The Rise of Prison-Industrial Complex

  • In the last 3 decades – prison industrial complex had been developed in the US– confluence of special interests that has given prison construction in the United States a seemingly unstoppable momentum.
  • Since 1991 the rate of violent crime in the United States has fallen by about 20 percent, while the number of people in prison or jail has risen by 50 percent. Increase because of imprisonment of people who have committed nonviolent offenses. Instead of community service, fines, or drug treatment – to a prison term, by far the most expensive form of punishment.

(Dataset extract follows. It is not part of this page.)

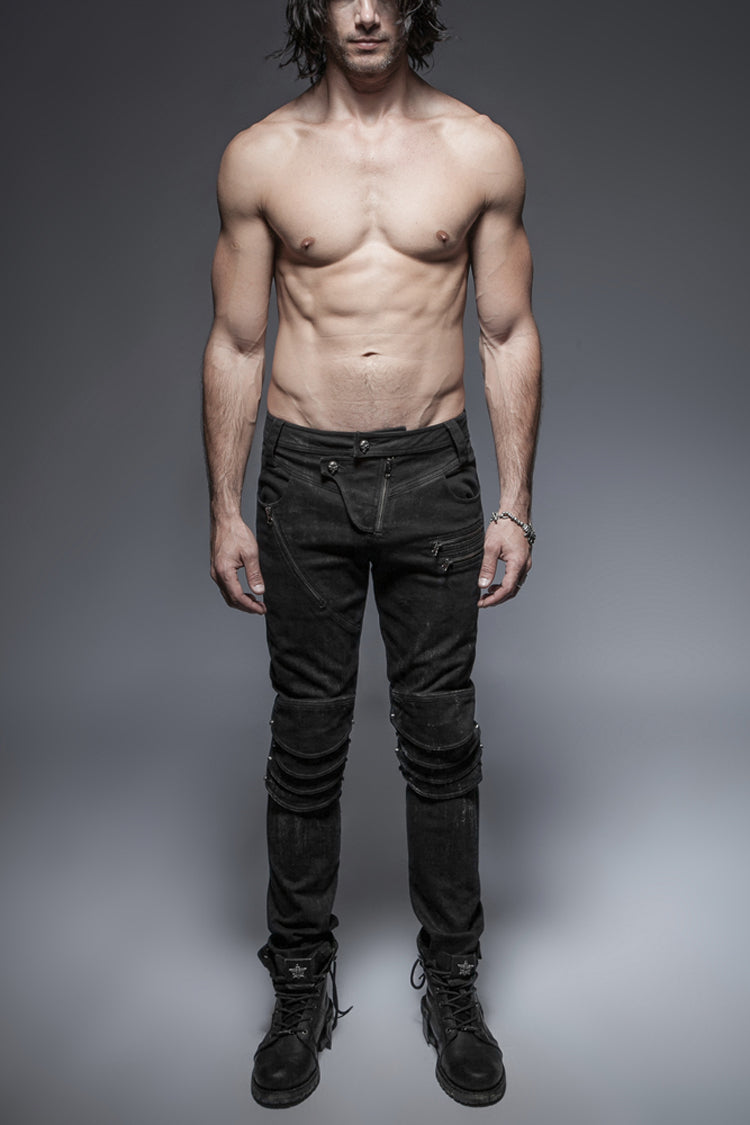 Black Military Uniform Buckle Skinny PU Leather Men's Punk Pants - Black - 1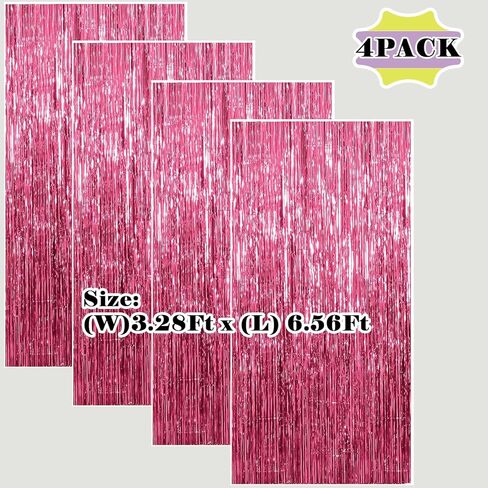 4 Pack Gold Foil Fringe Curtain Metallic Shiny Tinsel Backdrop Party Decorations Gold Wall Decor Backdrop Door Streamers for Birthday, New Year, Graduation, Baby Shower, Gender Reveal, Disco, Wedding in Saudi Arabia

  • politicians, both liberal and conservative, who have used the fear of crime to gain votes;
  • impoverished rural areas where prisons have become a cornerstone of economic development;
  • private companies tap into $35 billion a year spending on prisons
  • Spending on corrections since 1980s increased 5 times; there are more than 1000 vendors that sell corrections paraphernalia;
  • The growth projected 5-10% annually;
  • Private prisons keep 90,000 prisoners from 27 states
  • “Bed brokers,” rent a cell facilities ($20 to $60 a day with $2.50-5.50 commission per man-day); trucking prisoners hundreds of miles through the country – threat to public order; escapes;
  • Wackenhut Corrections, second largest private-prison company has ravenous $1 billion a year;
  • U.S. Corrections Corporation – the largest private-prison company wants to buy and run all state of Taxes’ prisons;
  • globalization of the private-prison business: British private-prison company, Securicor, operates two facilities in Florida; Wackenhut Corrections is now under contract to operate prison in England; three prisons in Australia; and a prison in Scotland. It is actively seeking prison contracts in South Africa.
  • 1 pay phone in prison generates $15,000 a year; MCI installs phones for free;
  • Government officials whose fiefdoms have expanded along with the inmate population.